Does $\pi$ satisfy the law of the iterated logarithm?

It is widely conjectured that $\pi$ is normal in base $2$.

But what about the law of the iterated logarithm?

Namely, if $x_n$ is the $n$th binary digit of $\pi$, does it seem likely (from computer experiments for example) that the following holds? $$\limsup_{n\rightarrow\infty} \frac{S_n }{\sqrt{n\log\log n}}=\sqrt{2}\quad\text{where}\quad S_n=2(x_1 + \ldots + x_n) - n$$

What about other (conjectured) normal numbers like $e$ and $\sqrt{2}$?

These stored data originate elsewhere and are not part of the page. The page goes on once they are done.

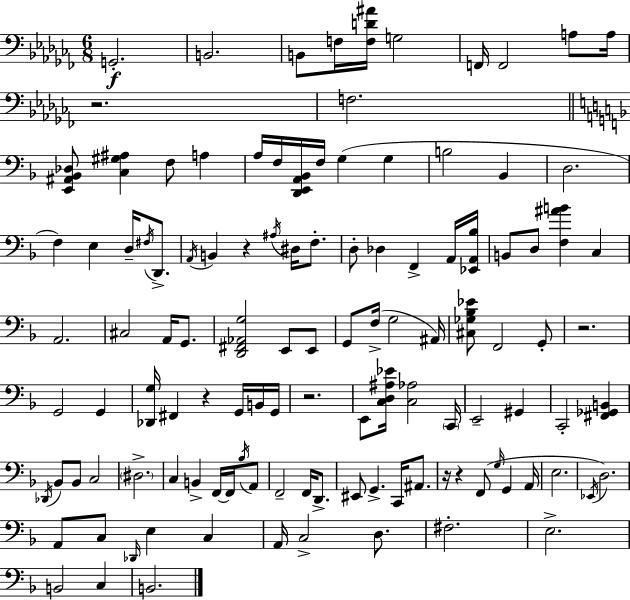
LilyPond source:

{
  \clef bass
  \numericTimeSignature
  \time 6/8
  \key aes \minor
  \repeat volta 2 { g,2.-.\f | b,2. | b,8 f16 <f d' ais'>16 g2 | f,16 f,2 a8 a16 | \break r2. | f2. | \bar "||" \break \key d \minor <e, ais, bes, des>8 <c gis ais>4 f8 a4 | a16 f16 <d, e, a, bes,>16 f16 g4( g4 | b2 bes,4 | d2. | \break f4) e4 d16-- \acciaccatura { fis16 } d,8.-> | \acciaccatura { a,16 } b,4 r4 \acciaccatura { ais16 } dis16 | f8.-. d8-. des4 f,4-> | a,16 <ees, a, bes>16 b,8 d8 <f ais' b'>4 c4 | \break a,2. | cis2 a,16 | g,8. <d, fis, aes, g>2 e,8 | e,8 g,8 f16->( g2 | \break ais,16) <cis ges bes ees'>8 f,2 | g,8-. r2. | g,2 g,4 | <des, g>16 fis,4 r4 | \break g,16 b,16 g,16 r2. | e,8 <c d ais ees'>16 <c aes>2 | \parenthesize c,16 e,2-- gis,4 | c,2-. <fis, ges, b,>4 | \break \acciaccatura { des,16 } bes,8 bes,8 c2 | \parenthesize dis2.-> | c4 b,4-> | f,16~~ f,16 \acciaccatura { bes16 } a,8 f,2-- | \break f,16 d,8.-> eis,8 g,4.-> | c,16 ais,8. r16 r4 f,8( | \grace { g16 } g,4 a,16 e2. | \acciaccatura { ees,16 }) d2. | \break a,8 c8 \grace { des,16 } | e4 c4 a,16 c2-> | d8. fis2.-. | e2.-> | \break b,2 | c4 b,2. | } \bar "|."
}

I am sorry if this is too easy, but I tried to search for it and I could not find in on the Internet. I suppose I could run an experiment myself, but I assumed this is well known, and I would need to brush up on my programming skills to do so...

Update 8/9/2013:

I found a website with the first 32,000 binary digits of $\pi$ and (using a spreadsheet program) graphed out the average of the bits $S_n/n$, comparing it to $\sqrt{\frac{2 \log \log n}{n}}$. The results were inconclusive. The average never got close to $\sqrt{\frac{2 \log \log n}{n}}$ (except at the very beginning when it was way past it). However, I had the same result with a source of randomness (the one built into the spreadsheet program). My conclusion is that 32,000 bits is not enough to see if the law of the iterated logarithm (experimentally) holds for $\pi$. (The picture in the Wikipedia article uses at least $10^{50}$ bits, and the pattern is clear at about $10^{12}$ bits. However, I don't know where to get even 1,000,000 binary digits of $\pi$ on the Internet.

[End Update]


Also, I am sorry that I really don't know how to properly tag this.


Solution 1:

I favourite'd this two years ago and recently stumbled upon it again. Here's some code I wrote to answer this numerically.

enter image description here

  • The dotted line is $\sqrt{2 \log\log n/n}$
  • The solid line is $S_n/n$
  • $S_n = 2 \sum_{k=1}^n x_k - n$ where $x_k$ is the k-th decimal digit of Pi in binary.

You should be able to zoom in by running the code. You'll need matplotlib and numpy. I used y-cruncher to generate the digits.